The quarterly “bump” in earnings estimates – the history

Although it is tough to recognize in a market where the market p/e continually compresses, in my opinion there is an upward bias to corporate earnings estimates, whether it be to the fundamental nature of capitalism (profit maximation, etc.) or perhaps due to the seemingly optimistic outlook for their coverage, on the part of most analysts. Whatever the reason, corporate earnings estimates tend to drift higher over time, but the real money is made for investors when the market p/e expands, not just when corporate earnings estimates increase. (See our post on 5/23/12 on “A Decade or More of S&P 500 earnings” and the power of p/e compression.)

As we roll into each new quarter, there is typically an upward bump to the “forward 4-quarter” earnings estimate of the S&P 500. Let’s look at the recent history:

From December, 2010 to January, 2011: $92.22 to $96.42

From March, 2011 to April, 2011: $98.14 to $102.35

From June, 2011 to July 2011: $102.39 to $106.63

From September, 2011 to October, 2011: $104.44 to $107.58

From December, 2011 to January, 2012: $103.33 to $107.27

From March, 2012 to April, 2012: $105.67 to $109.27

From June, 2012 to July, 2012: $107.25 to ?

(Datasource: ThomsonReuters, This Week in Earnings)

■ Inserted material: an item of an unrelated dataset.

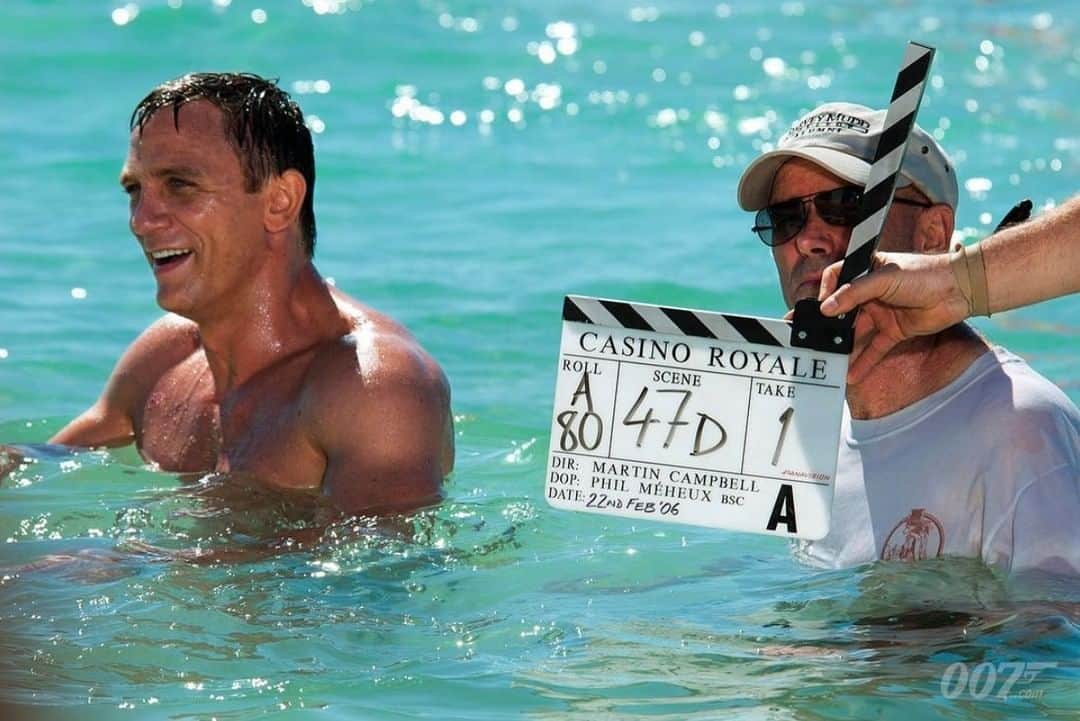 James Bond 007さんのインスタグラム写真 - (James Bond 007Instagram)「Behind the scenes on CASINO ROYALE, Daniel Craig’s first outing as 007. Where have those 14 years gone?」7月8日 1時00分 - 007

If the pattern holds, when we get the update the weekend of July 7th – 8th, the new “foward 4-quarter” earnings estimate should be close to or above $110 per share, a new record forward estimate for S&P 500 earnings.

However as the reader can also quickly discern, there has been a flattening or stabilization  of forward estimates in the $105 – $107 range over the last year. Ideally we’d like to see estimates drift higher through the quarter (from start to finish) but since the summer of last year, we’ve seen trimming of the estimates between the first and third months, which has resulted in a flattening of forward estimates.

For the S&P 500 corporate earnings estimate, year-over-year growth has slowed to “low to mid single digits” from the torrid 20% – 30% pace off the March ’09 market lows.

So what’s the point ? Coming into the start of q2 ’12 earnings from Alcoa on July 9th, expectations are very subdued, and the growth outlook is modest at best, so even if guidance is tepid and warnings are rampant, unless you have a portfolio of high p/e growth stocks, chances are a lot of downside is already built into the market.

I just dont think we are going to see a slashing of forward estimates down to the $100 level. There is still an upward bias to the trend (but we could be wrong, too.)

We have a “push-me, pull-you” market. Corporate earnings are going higher, while “the macro” and the headlines compress the market multiple.

At some point, one or the other has to give.